If you want the fastest way to see the product behavior in practice, use the focused public demo repository for a deterministic AI-assisted coding workflow: https://github.com/shadowthreads/shadowthreads-demo-coding-workflow

That demo shows AI coding workflow state, revision lineage, execution replay, and replay verification in one place.

Deployment model

Shadow Threads is currently designed for trusted local or controlled self-hosted environments.

The current server exposes workflow APIs intended for local development and controlled infrastructure, and it does not yet provide production-grade authentication, authorization, or hardened network defaults.

Shadow Threads should not be exposed to the public Internet as-is.

If deploying beyond localhost, operators must add authentication and authorization, restrict network access, tighten CORS policies, secure PostgreSQL and Redis, and manage secrets outside development defaults.

Security considerations

Shadow Threads records workflow state, artifacts, and execution boundaries for AI workflows.

Depending on the workflow, this may include prompts, intermediate tool outputs, or other runtime data.

Users deploying Shadow Threads should treat the backend and database as sensitive infrastructure and apply appropriate security practices, including authentication, network isolation, and secure database configuration.

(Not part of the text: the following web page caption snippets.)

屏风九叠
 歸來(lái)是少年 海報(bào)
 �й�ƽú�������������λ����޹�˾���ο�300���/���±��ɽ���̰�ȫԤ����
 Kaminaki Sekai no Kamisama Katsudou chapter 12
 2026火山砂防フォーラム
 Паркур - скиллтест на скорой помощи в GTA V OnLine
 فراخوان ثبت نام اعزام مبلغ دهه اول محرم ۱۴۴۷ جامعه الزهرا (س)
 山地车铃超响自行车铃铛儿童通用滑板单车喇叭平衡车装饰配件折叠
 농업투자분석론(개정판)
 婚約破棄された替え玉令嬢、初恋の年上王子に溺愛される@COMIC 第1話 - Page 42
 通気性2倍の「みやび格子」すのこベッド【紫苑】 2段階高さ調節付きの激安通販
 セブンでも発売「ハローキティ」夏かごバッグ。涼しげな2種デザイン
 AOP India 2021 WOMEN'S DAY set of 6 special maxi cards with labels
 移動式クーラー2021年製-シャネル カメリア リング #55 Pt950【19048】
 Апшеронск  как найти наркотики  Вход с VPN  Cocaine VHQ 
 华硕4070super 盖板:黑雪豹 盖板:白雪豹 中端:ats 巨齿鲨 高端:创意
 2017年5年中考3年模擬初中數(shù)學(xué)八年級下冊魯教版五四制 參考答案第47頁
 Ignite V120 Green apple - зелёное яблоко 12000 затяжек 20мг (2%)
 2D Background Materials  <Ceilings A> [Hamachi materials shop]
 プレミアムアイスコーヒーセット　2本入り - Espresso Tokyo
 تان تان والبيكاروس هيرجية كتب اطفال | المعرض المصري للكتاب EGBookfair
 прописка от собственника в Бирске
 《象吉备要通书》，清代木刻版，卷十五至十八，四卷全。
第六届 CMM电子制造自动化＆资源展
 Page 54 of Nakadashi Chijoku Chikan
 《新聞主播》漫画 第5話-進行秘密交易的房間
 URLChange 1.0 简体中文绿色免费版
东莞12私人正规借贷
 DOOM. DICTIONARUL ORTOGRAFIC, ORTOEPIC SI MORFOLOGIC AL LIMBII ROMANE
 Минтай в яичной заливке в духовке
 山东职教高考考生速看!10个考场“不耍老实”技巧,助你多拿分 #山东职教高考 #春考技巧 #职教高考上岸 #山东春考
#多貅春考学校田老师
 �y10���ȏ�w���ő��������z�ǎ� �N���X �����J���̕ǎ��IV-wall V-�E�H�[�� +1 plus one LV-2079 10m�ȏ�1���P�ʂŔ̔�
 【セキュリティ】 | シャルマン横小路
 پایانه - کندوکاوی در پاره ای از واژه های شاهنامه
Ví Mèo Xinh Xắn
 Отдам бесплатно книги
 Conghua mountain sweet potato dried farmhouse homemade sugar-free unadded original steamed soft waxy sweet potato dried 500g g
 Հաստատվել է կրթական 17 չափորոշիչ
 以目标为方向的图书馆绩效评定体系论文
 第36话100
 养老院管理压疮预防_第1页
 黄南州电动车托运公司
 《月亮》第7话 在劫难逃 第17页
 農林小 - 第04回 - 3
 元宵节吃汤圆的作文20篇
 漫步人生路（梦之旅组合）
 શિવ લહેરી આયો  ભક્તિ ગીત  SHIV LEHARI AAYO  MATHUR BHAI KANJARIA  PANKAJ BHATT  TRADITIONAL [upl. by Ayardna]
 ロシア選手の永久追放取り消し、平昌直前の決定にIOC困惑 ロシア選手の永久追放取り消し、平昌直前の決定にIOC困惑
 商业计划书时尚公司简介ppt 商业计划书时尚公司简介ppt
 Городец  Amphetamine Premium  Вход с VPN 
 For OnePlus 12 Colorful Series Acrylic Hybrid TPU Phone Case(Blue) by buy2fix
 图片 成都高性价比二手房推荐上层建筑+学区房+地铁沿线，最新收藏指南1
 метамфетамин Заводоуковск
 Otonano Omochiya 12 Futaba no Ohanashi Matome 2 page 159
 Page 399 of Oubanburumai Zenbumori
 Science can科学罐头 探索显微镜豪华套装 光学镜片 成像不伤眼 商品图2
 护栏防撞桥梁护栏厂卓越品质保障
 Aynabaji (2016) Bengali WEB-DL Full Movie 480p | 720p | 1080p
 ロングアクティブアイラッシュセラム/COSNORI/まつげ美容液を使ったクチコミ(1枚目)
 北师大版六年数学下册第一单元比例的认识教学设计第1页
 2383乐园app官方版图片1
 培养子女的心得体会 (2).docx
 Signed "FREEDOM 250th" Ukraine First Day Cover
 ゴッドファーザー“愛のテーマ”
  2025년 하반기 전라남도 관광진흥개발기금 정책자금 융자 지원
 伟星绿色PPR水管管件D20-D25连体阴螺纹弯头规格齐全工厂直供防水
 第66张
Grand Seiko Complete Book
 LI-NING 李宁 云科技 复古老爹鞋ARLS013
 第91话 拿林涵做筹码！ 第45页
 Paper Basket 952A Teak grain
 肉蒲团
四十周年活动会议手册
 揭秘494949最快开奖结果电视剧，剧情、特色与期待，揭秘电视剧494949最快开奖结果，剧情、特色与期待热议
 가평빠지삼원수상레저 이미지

Shadow Threads is currently intended for self-hosted use in controlled environments.

Quickstart

Prerequisites

  • Node.js 20+ recommended (server/package.json requires >=18)
  • Python 3.10+
  • Docker

Start local infrastructure

From the repository root:

docker compose up -d postgres redis

Build and start the server (run from server/)

cd server
npm ci
npm run prisma:generate
npm run prisma:migrate
npm run build
npm run start

Default local address:

http://localhost:3001

The Python SDK also respects SHADOW_SERVER if you want to point to a different base URL.

Install the Python SDK

From the repository root:

pip install -e python-sdk

Run the minimal example

Save the example below as first_run.py and run:

python first_run.py

A successful run prints True from replay.verified. If you also print IDs and hashes, you should see a 64-character artifact hash, a 64-character revision hash, a UUID execution ID, and a 64-character result hash.

Ultra minimal Python example

The example below records a minimal workflow state, creates a revision, records one execution, and verifies it.

from hashlib import sha256
from shadowthreads import ArtifactReference, RevisionMetadata, ShadowClient

package_id = "readme-first-run"
prompt_hash = sha256(b"Summarize the current workflow state.").hexdigest()
started_at = "2026-03-12T09:00:00+00:00"
finished_at = "2026-03-12T09:00:01+00:00"

with ShadowClient(base_url="http://localhost:3001") as client:
    artifact = client.capture_artifact(
        schema="artifact.task.state.v1",
        package_id=package_id,
        payload={"task": "example", "state": "ready"},
    )

    ref = ArtifactReference(bundle_hash=artifact.bundle_hash, role="primary_state")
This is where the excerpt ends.